プロ野球界には「花の44年組」という言葉がある。それは昭和43年11月12日に行われた『第4回ドラフト会議』で入団した選手たちを称える言葉である。この年のドラフトは空前絶後の〝大豊作〟といわれた。
注目は〝法政三羽ガラス〟といわれた田淵幸一、山本浩司、富田勝。特に通算22本塁打を放ち、東京六大学の記録を塗り替えた田淵は早くから巨人と相思相愛と噂された。ドラフト前の挨拶では川上哲治監督自らが田淵の自宅を訪ね-
「背番号2を用意している。王-田淵-長嶋と並ぶ〝123クリーンアップ〟を考えている」と夢の構想を打ち明けた。
田淵の希望は在京セ・リーグ。それでも「まず田淵を狙う。彼がダメなときは地元の山本」という広島や東京、南海、東映らが指名に名乗りを上げた。
当時の新聞を見てみると、高校生で注目を集めていたのが神奈川・武相高のエース島野修である。早くから関東高校球界で名をはせ、2年、3年と夏の甲子園大会に出場。大洋、阪急、西鉄が1位指名を用意していた。その他、サンケイが大橋穣(亜大)、中日が星野仙一(明大)、近鉄が藤原真(全鐘紡)。そして阪神が地元、大阪出身の富田(興国高-法大)-という予想だった。
11月12日、東京・日比谷の日生会館7階の国際ホールでドラフト会議は始まった。この年のドラフトは「指名入札制」ではなく、抽選で12球団の指名順位を決めた。まず予備抽選で本抽選でくじを引く順位を決定。そして本抽選。「一番くじ」に当たると、一番に欲しい選手を指名できた。

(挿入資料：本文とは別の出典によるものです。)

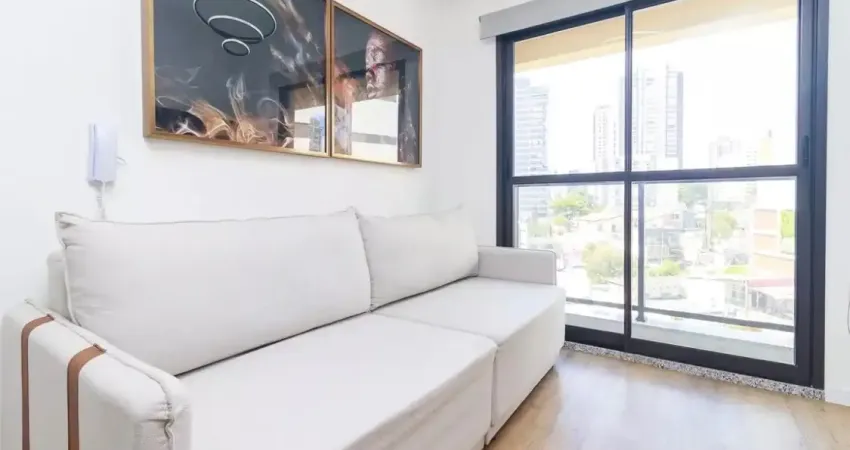 Aluga-se studio 32m2 mobiliado com vaga - 100m metrô brooklin - pacote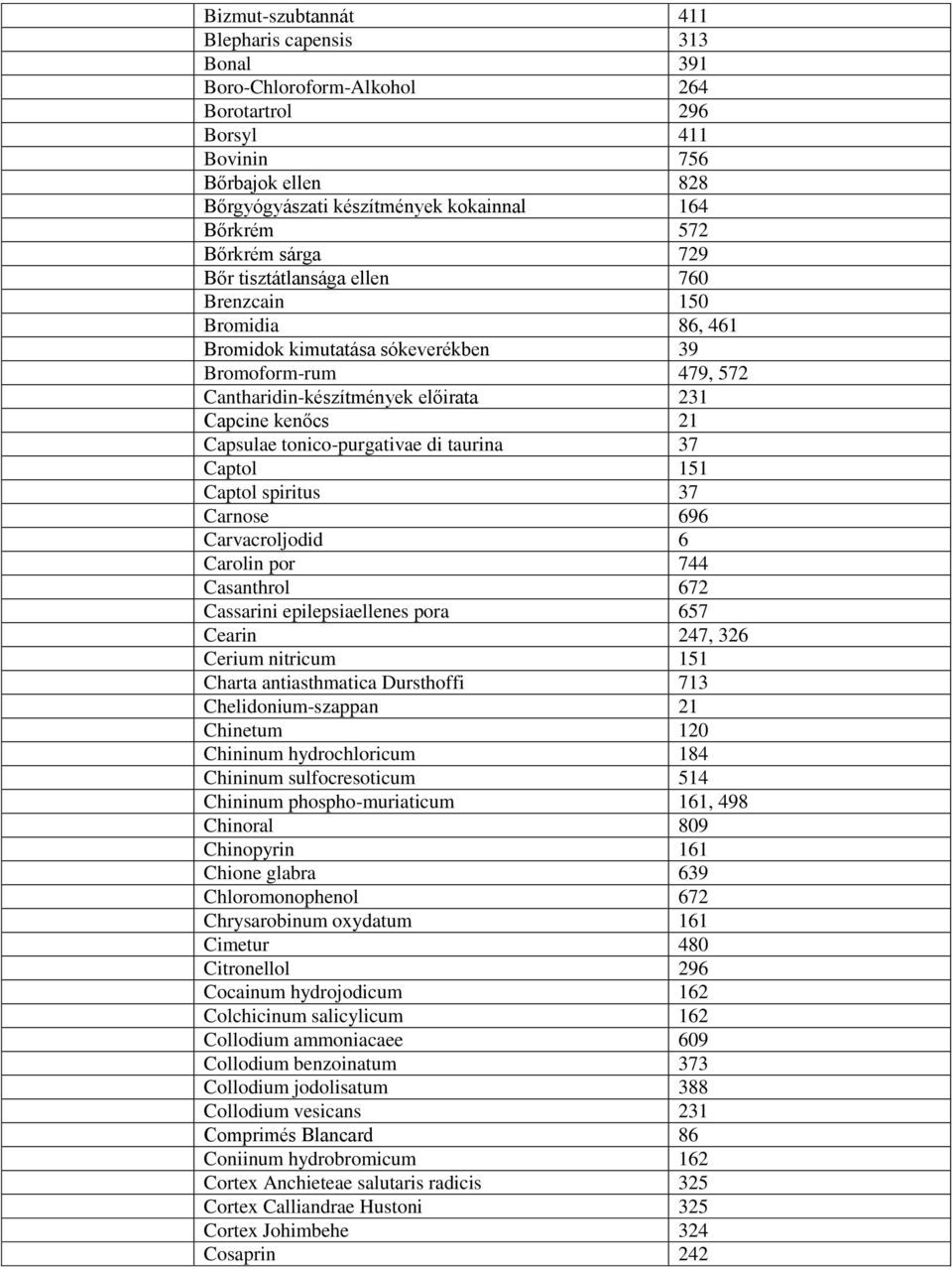 Capsulae tonico-purgativae di taurina 37 Captol 151 Captol spiritus 37 Carnose 696 Carvacroljodid 6 Carolin por 744 Casanthrol 672 Cassarini epilepsiaellenes pora 657 Cearin 247, 326 Cerium nitricum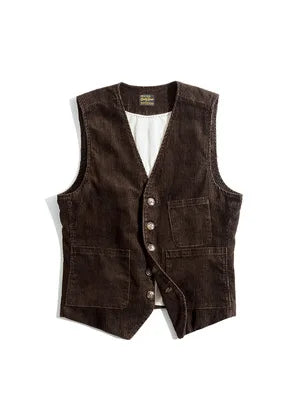 Wexley Men’s Corduroy Waistcoat – Button Front Vest with Adjustable Back Strap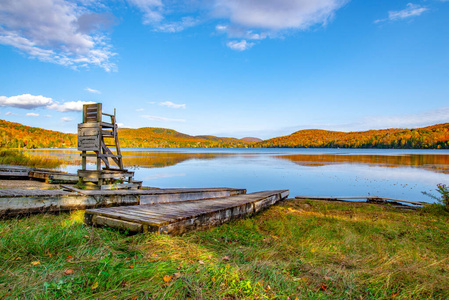 Lifeguard chair on Maskinonge lake near Mont Tremblant, Quebec, 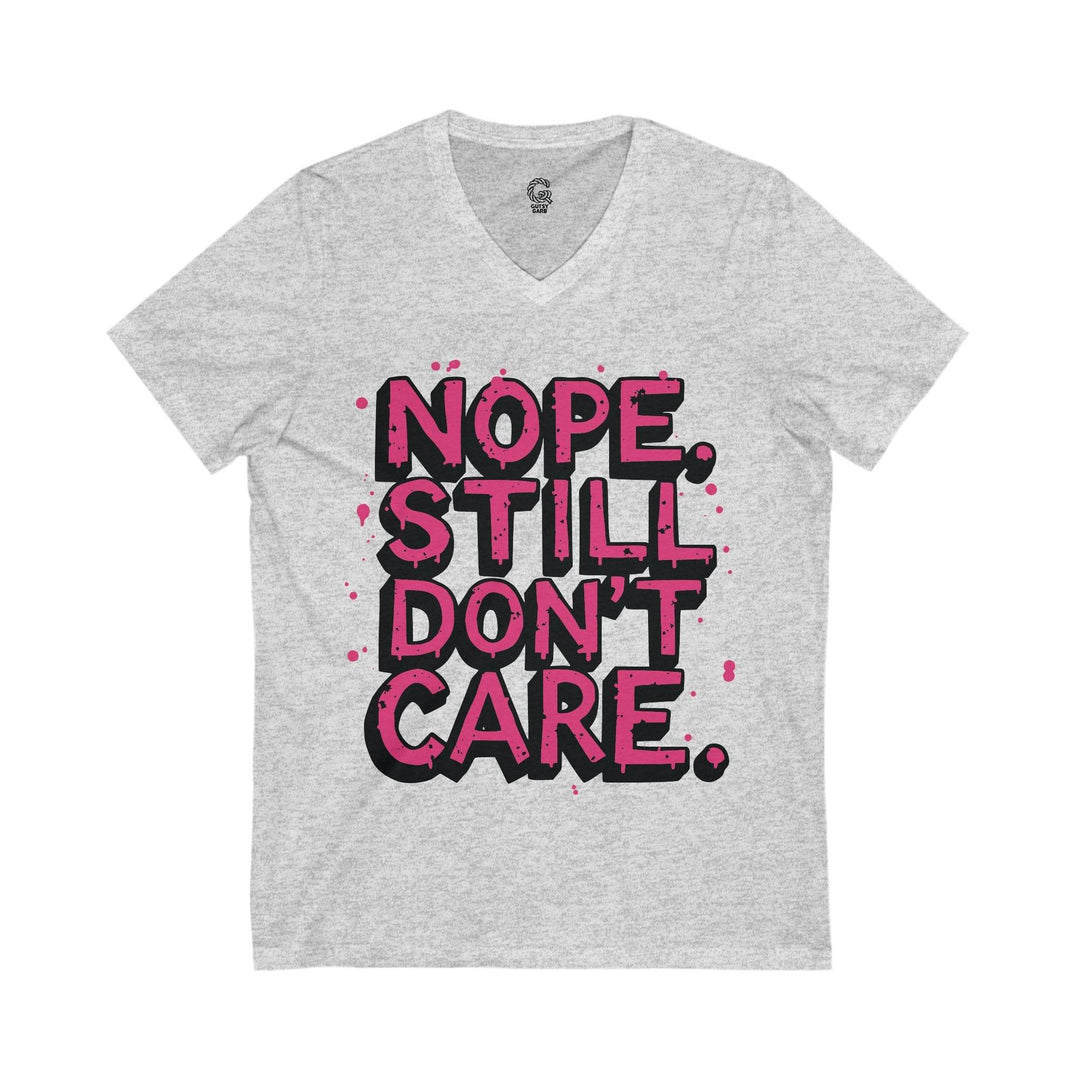 Indifferent Slogan V-Neck Tee - Bold Comfort - Gutsy Garb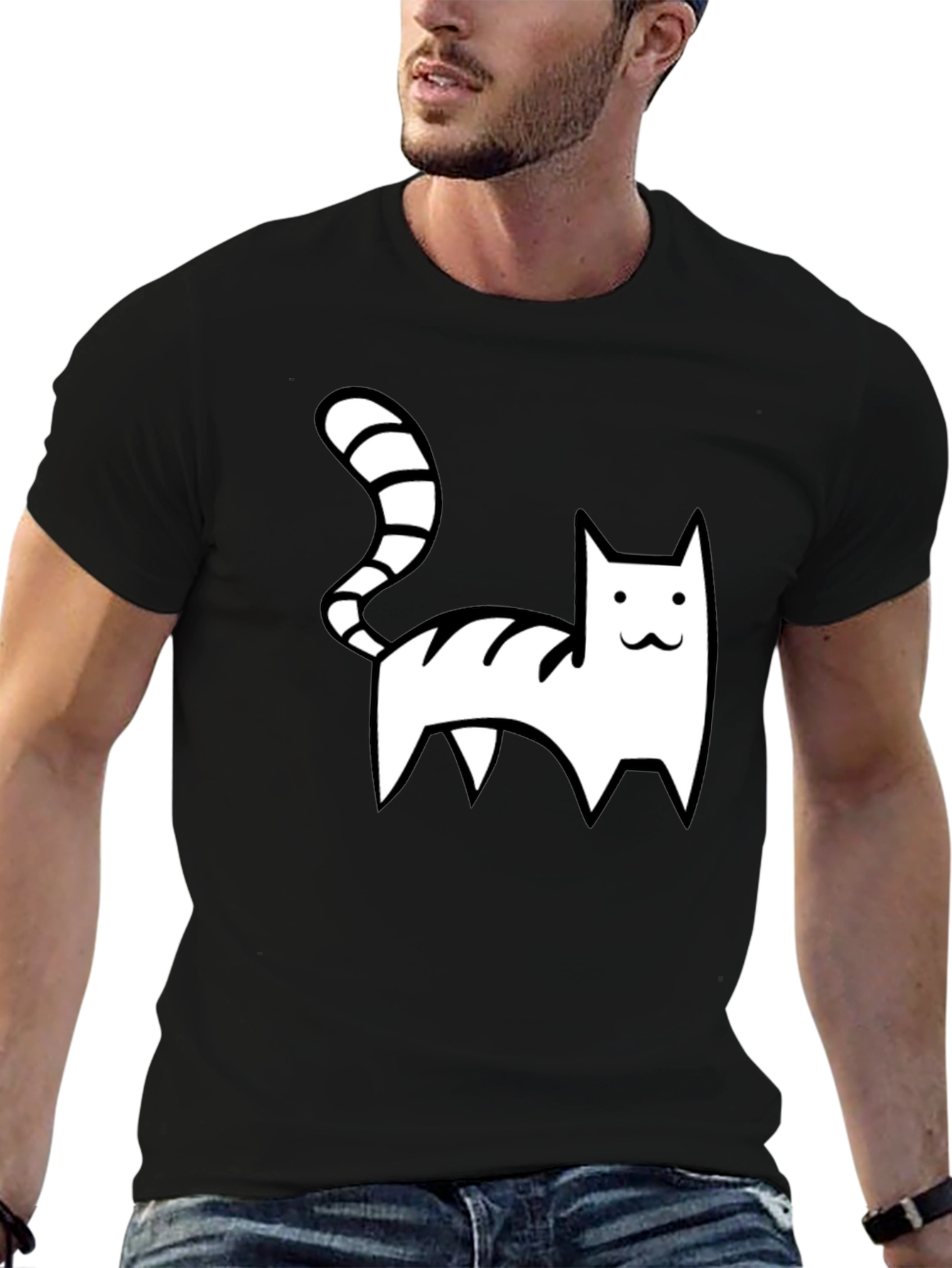 Cool Cat Graphic Tee - Black Casual Shirt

運命の「1番」は東映が引き当てた。2番広島、3番阪神…巨人は8番、阪急は11番。誰もが東映の田淵指名と思った。ところが、東映は大橋を、続く広島も田淵ではなく山本を指名した。
「在京のセ以外の指名なら、息子は社会人野球の熊谷組に就職させる」という父・綾男さんの言葉が効いていたのだ。
阪神の関係者が座るテーブルがにわかに忙しくなった。首脳たちが顔を寄せてひそひそと相談。そして、敢然と田淵を指名したのである。